For IPv6 transition mechanism you can look into the ngtrans mailing list regarding AutoIPv6 which is basically an extension of 6to4 but instead of connecting IPv6 networks over IPv4 it would extend to IPv4 hosts. There's also an archive link in my post history which you can lookup (on phone).

As for current v6 being interoperable with v4, that is patently false.

[1] https://datatracker.ietf.org/doc/html/draft-ietf-tuba-transi...

2 comments

I think you are having a very romanticized view of 6to4 and its derivatives.

By the late 2000s it was clear as day that 6to4 wasn't working out (the design rationales of contemporary IPv4<->IPv6 transition technologies will tell you why [0]). By extension, AutoIPv6 which was building on 6to4 was also unlikely to work out. Even worse, AutoIPv6 relies at least partially on anycast 6to4 which was later deprecated due to operational problems [1].

The only surviving 6to4 derivative is 6rd and even that is mostly phased out.

>As for current v6 being interoperable with v4, that is patently false.

You need to define your scope. Are you talking about programming? Or ability for IPv6 clients to talk to IPv4 servers?
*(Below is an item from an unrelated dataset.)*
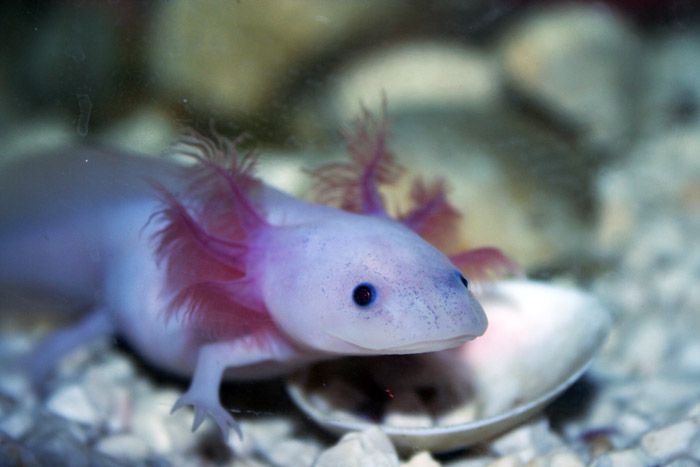 8 bestioles d'aquarium les plus mignonnes dans la mer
Or...?

IPv6 is interoperable with IPv4 from a programmer's perspective, once you upgrade your sockets from accepting sockaddr_in to accepting sockaddr_in6, your program automatically receives both IPv4 and IPv6 packets with IPv4 addresses represented as ::ffff:x.y.z.w.

And from a client's perspective, IPv6 clients absolutely can connect to IPv4 servers through a border relay of some sort, typically NAT64. But you can do SIIT as well if you are feeling fancy. Note that this is not much different from 6to4 and its derivatives.
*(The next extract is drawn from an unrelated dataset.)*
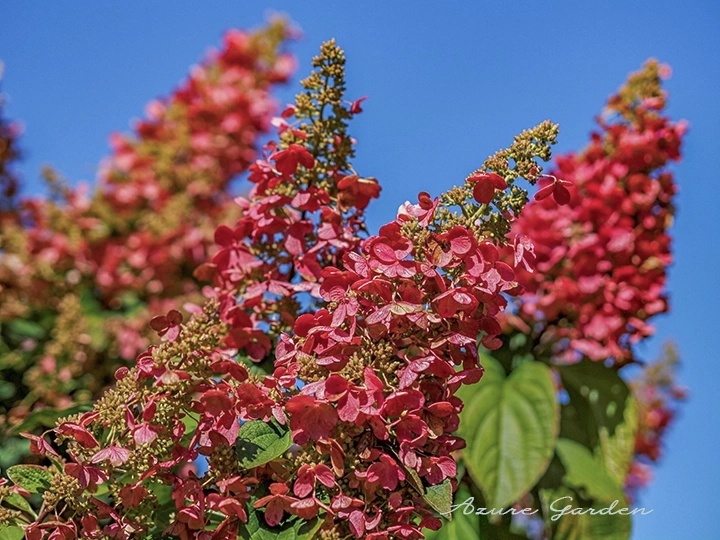 ボリュームのある花房をつけたノリウツギ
As for the perspective of a server, indeed this is unsolved but again AutoIPv6 doesn't solve the issue as well since the server still needs a public IPv4 address.
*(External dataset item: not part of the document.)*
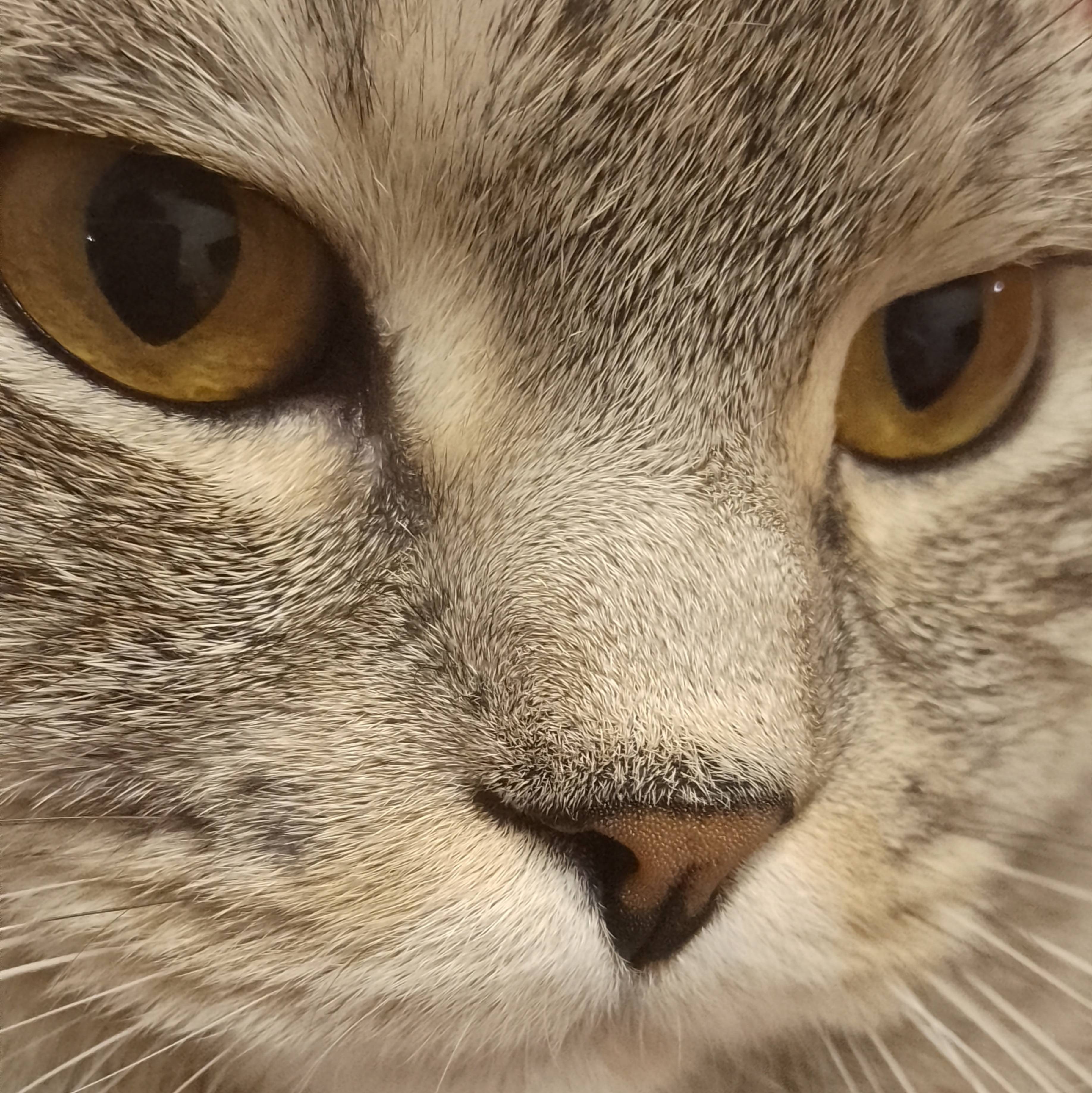 Иконка канала Просто Кот Марти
[0]: https://en.wikipedia.org/wiki/IPv6_rapid_deployment#Comparis...

[1]: https://datatracker.ietf.org/doc/html/rfc6343#section-3

Hm... according to that draft, TUBA's transition story is dual stack, which is the same as the main transition approach for v6. How come it's sane for TUBA but not sane when v6 does it?

> As for current v6 being interoperable with v4, that is patently false.

This machine is v6-only and can reach the entire Internet, including v4-only hosts. It clearly has more interoperability than you're claiming or this wouldn't be possible.

Interoperability would be the ability to use either IPv4 or IPv6 and talk to each other seamlessly. This is clearly not the case for IPv4 clients talking to IPv6 servers. This is clearly not the case for IPv6 servers accepting IPv4 connections.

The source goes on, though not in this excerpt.